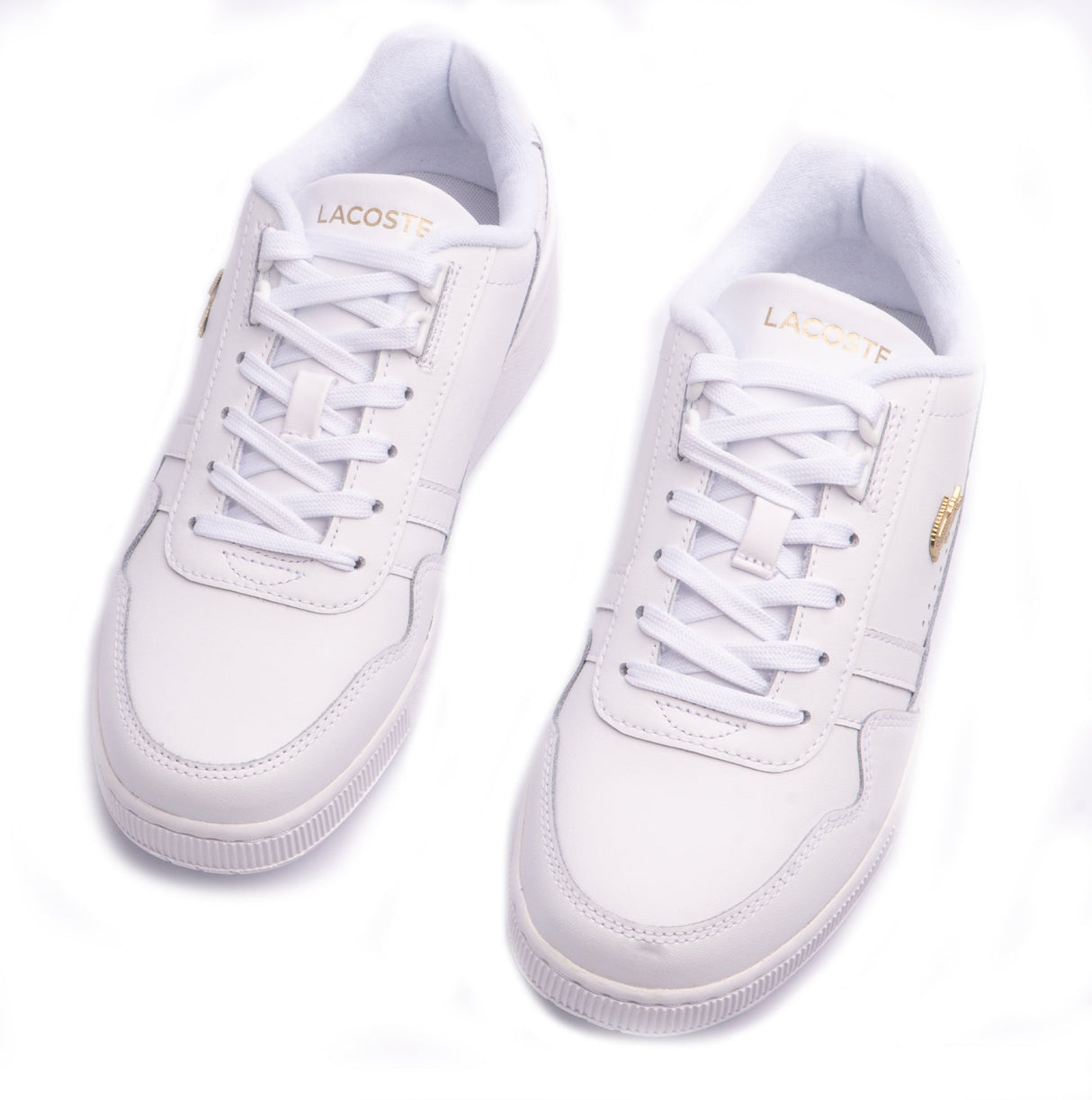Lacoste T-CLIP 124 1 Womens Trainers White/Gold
...
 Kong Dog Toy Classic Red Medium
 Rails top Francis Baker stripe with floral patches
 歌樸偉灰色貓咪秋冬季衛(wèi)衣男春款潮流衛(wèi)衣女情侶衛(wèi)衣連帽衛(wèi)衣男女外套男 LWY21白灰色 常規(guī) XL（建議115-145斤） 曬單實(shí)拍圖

## Problem statement
Your task is to transcribe, with no changes, only the lines of the listing above that lie between the line holding "Rails top Francis" and the line holding "常規(guī) XL（建議115-145斤） 曬單實(shí)拍圖", inclusive.

## Solution to this exercise
 Rails top Francis Baker stripe with floral patches
 歌樸偉灰色貓咪秋冬季衛(wèi)衣男春款潮流衛(wèi)衣女情侶衛(wèi)衣連帽衛(wèi)衣男女外套男 LWY21白灰色 常規(guī) XL（建議115-145斤） 曬單實(shí)拍圖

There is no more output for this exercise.